WHAT TO WORK ON: When you copy the data that follows, reproduce every word exactly and leave out the images.

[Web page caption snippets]
════════════════════

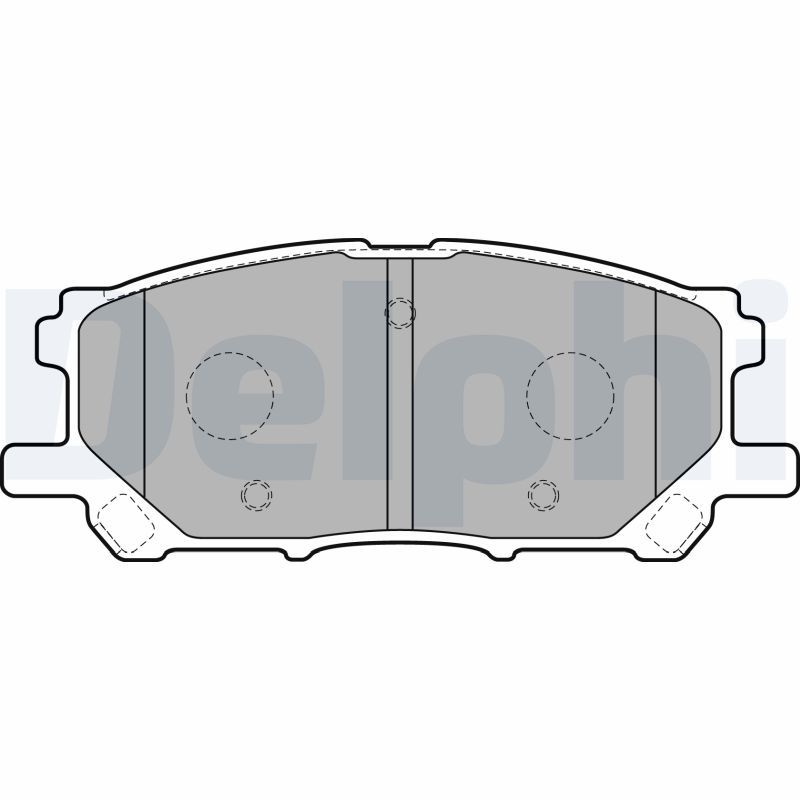 Brake Pad Set, disc brake DELPHI LP1823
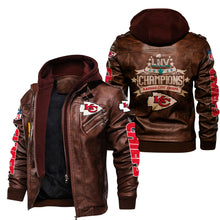 Load image into Gallery viewer, Kansas City Chiefs Super Bowl Leather Jacket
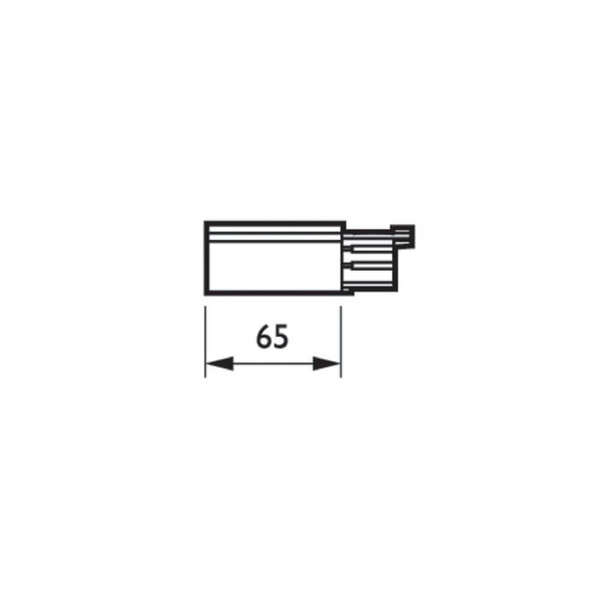 Philips Endeinspeisung Stromschiene DALI Square Track Weiß ZCS750 5C6 EPSR WH XTSC611-3 8718696065556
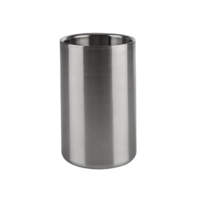 Rafraîchisseur de bouteille Ø 12cm, intérieur 10cm H : 20 cm, poli mat, double paroi
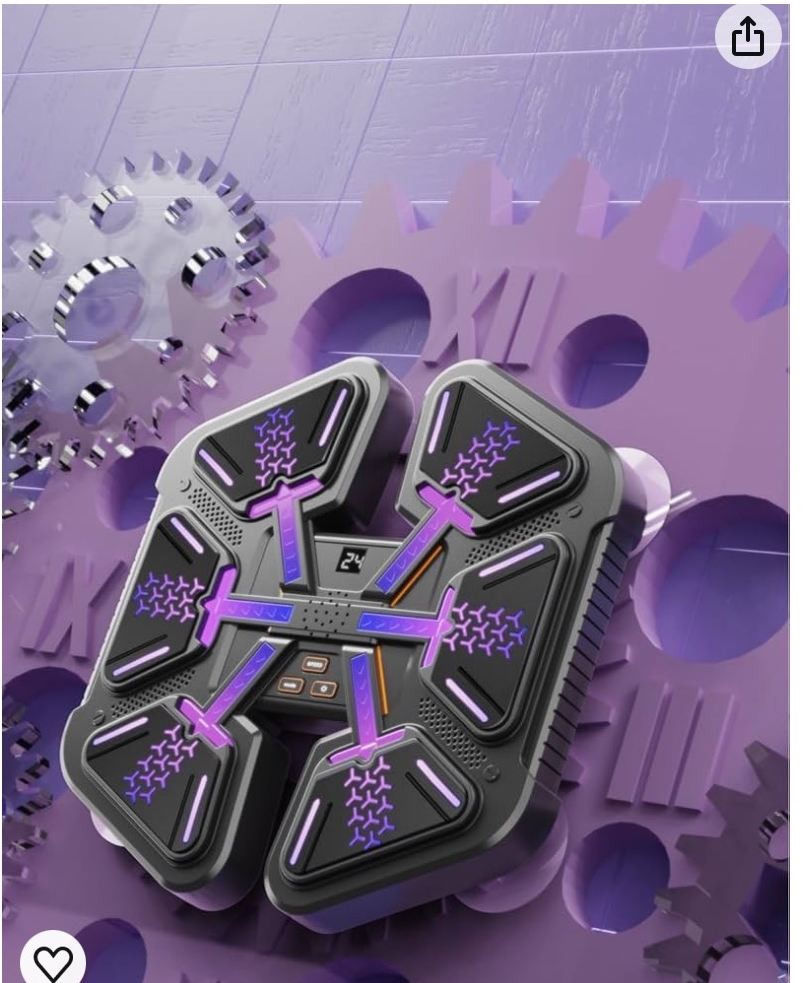 Zenés Boxfal LED Fényekkel,Gyermek Bokszgép - Image 6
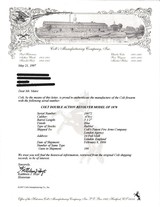 LETTERED Antique COLT London M1878 .476 Eley AUSTRALIAN MILITARY Revolver
DOCUMENTED Robust & Reliable Double Action Handgun - 3 of 17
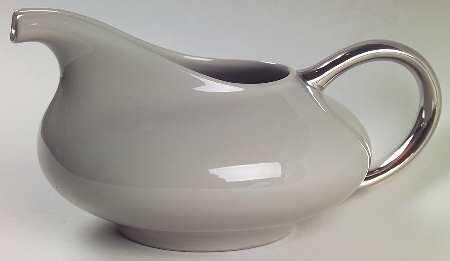 Birchbark (Platinum Trim) Gravy Boat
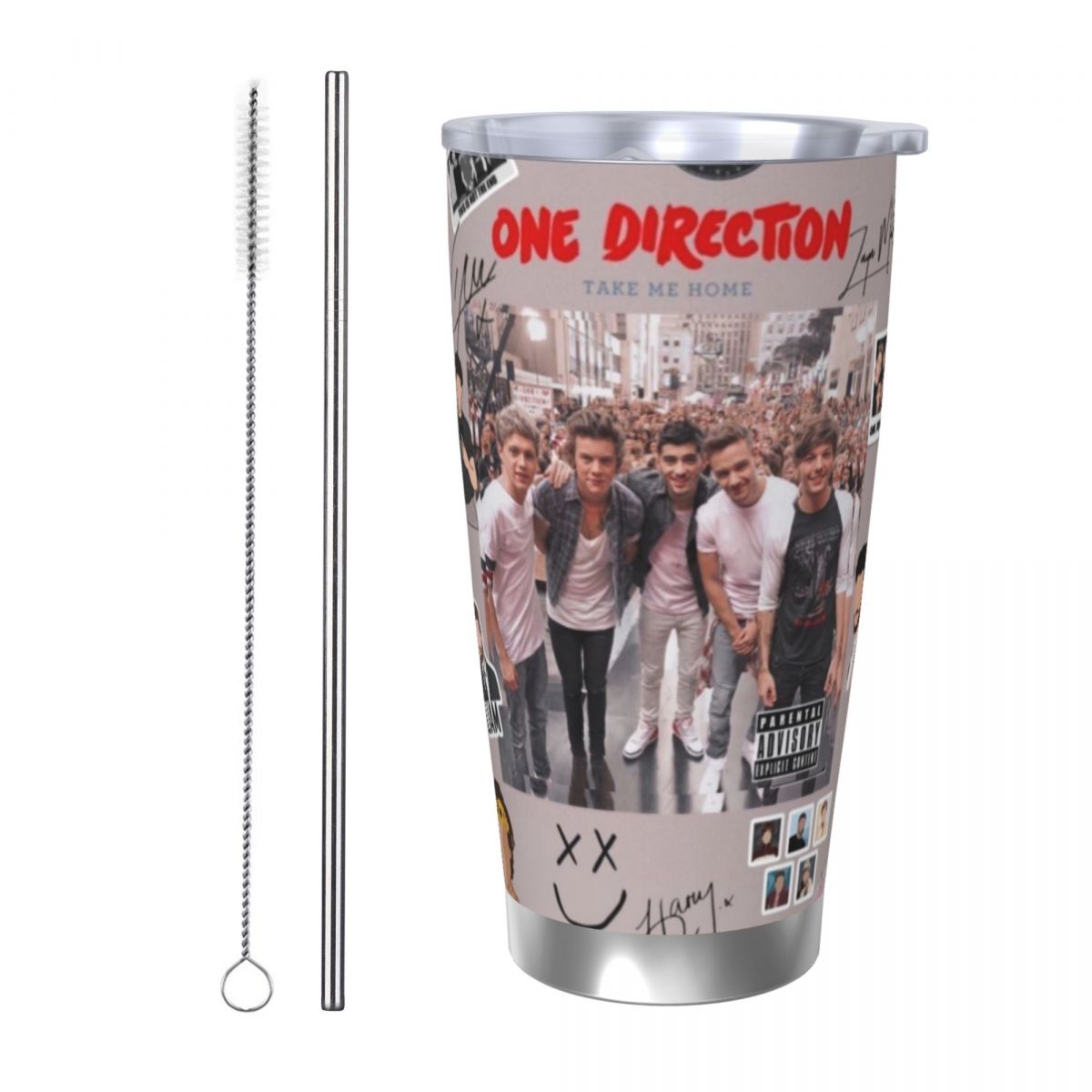 Stainless Steel Straw - O-One-D-Directions 20oz Stainless Steel Car Mug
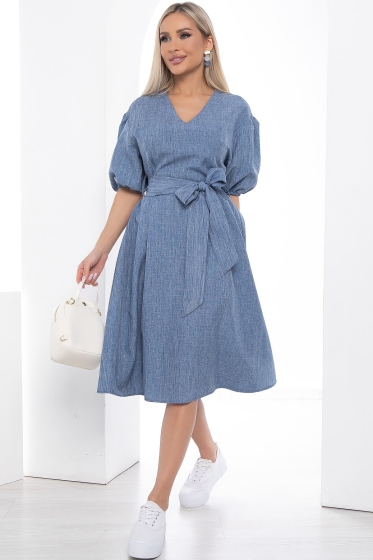 Платье "Аллегра" (джинс) П8524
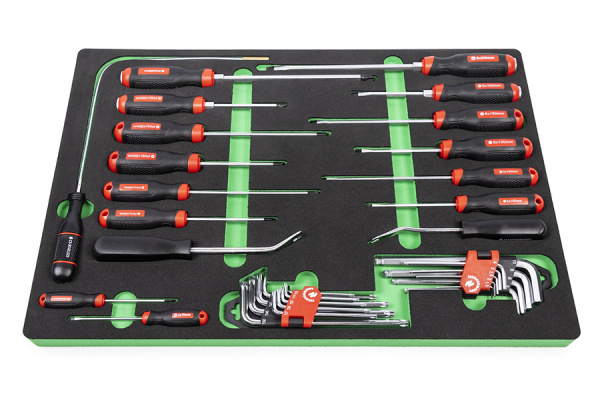 Ложемент отвертки, шестигранные ключи и ключи TORX. 35 предметов СТАНКОИМПОРТ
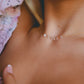 Floating Emeralds Diamond Necklace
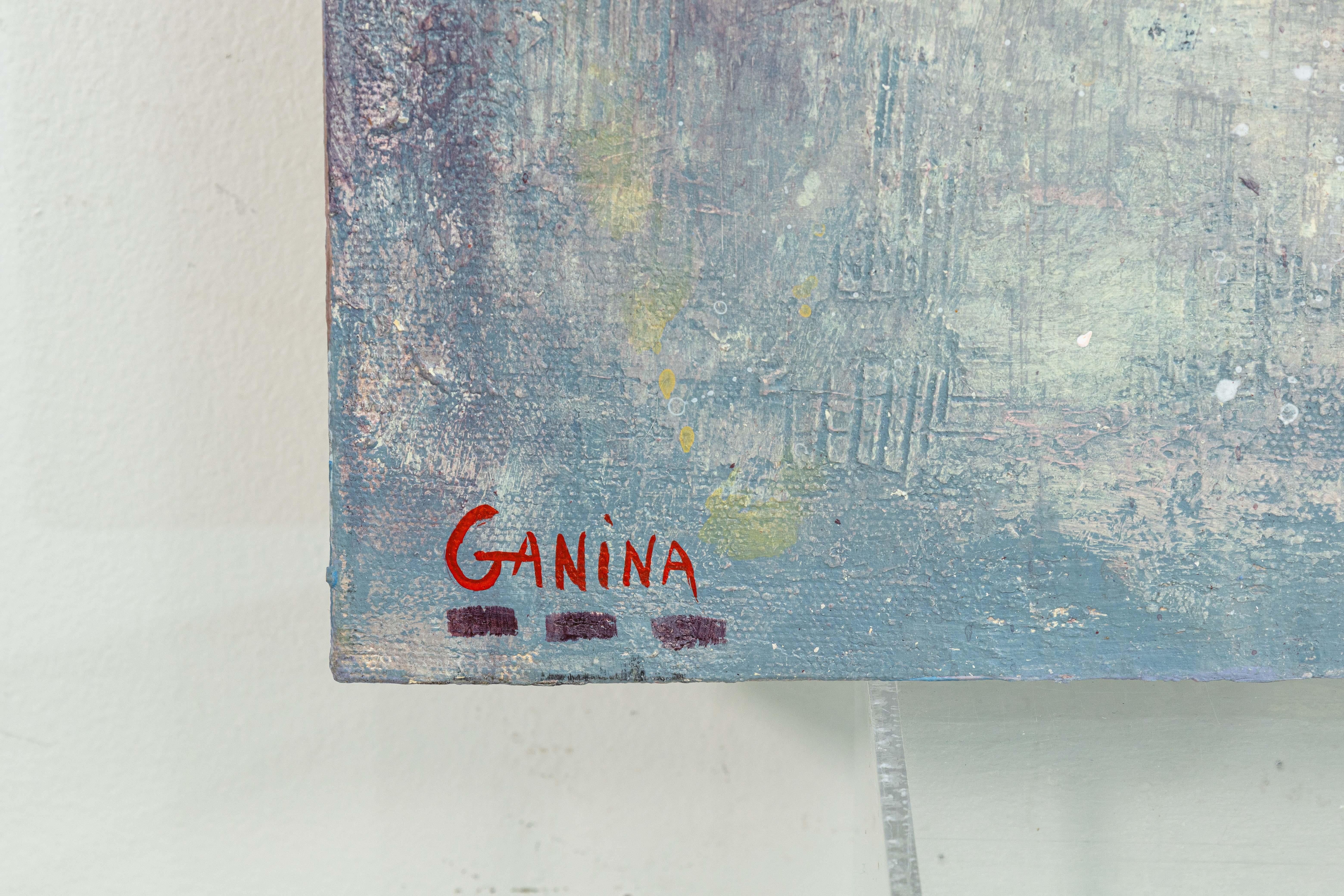 Anna Ganina Recapturing Summer Signiert Zeitgenössischer Surrealismus Acrylgemälde (21. Jahrhundert und zeitgenössisch) im Angebot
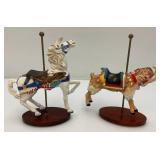 EST. $250.00-$500.00 Franklin Mint Treasury Of The Carousel Collectible With 12 Animals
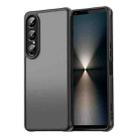 For Sony Xperia 1 VII Fan Dun Series TPU Hybrid PC Frosted Phone Case(Black) - 1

════════════════════

SOLUTION TO THIS PROBLEM:
 Brake Pad Set, disc brake DELPHI LP1823
 Load image into Gallery viewer, Kansas City Chiefs Super Bowl Leather Jacket
 Philips Endeinspeisung Stromschiene DALI Square Track Weiß ZCS750 5C6 EPSR WH XTSC611-3 8718696065556
 Rafraîchisseur de bouteille Ø 12cm, intérieur 10cm H : 20 cm, poli mat, double paroi
 Zenés Boxfal LED Fényekkel,Gyermek Bokszgép - Image 6
 LETTERED Antique COLT London M1878 .476 Eley AUSTRALIAN MILITARY Revolver
DOCUMENTED Robust & Reliable Double Action Handgun - 3 of 17
 Birchbark (Platinum Trim) Gravy Boat
 Stainless Steel Straw - O-One-D-Directions 20oz Stainless Steel Car Mug
 Платье "Аллегра" (джинс) П8524
 Ложемент отвертки, шестигранные ключи и ключи TORX. 35 предметов СТАНКОИМПОРТ
 Floating Emeralds Diamond Necklace
 Anna Ganina Recapturing Summer Signiert Zeitgenössischer Surrealismus Acrylgemälde (21. Jahrhundert und zeitgenössisch) im Angebot
 EST. $250.00-$500.00 Franklin Mint Treasury Of The Carousel Collectible With 12 Animals
 For Sony Xperia 1 VII Fan Dun Series TPU Hybrid PC Frosted Phone Case(Black) - 1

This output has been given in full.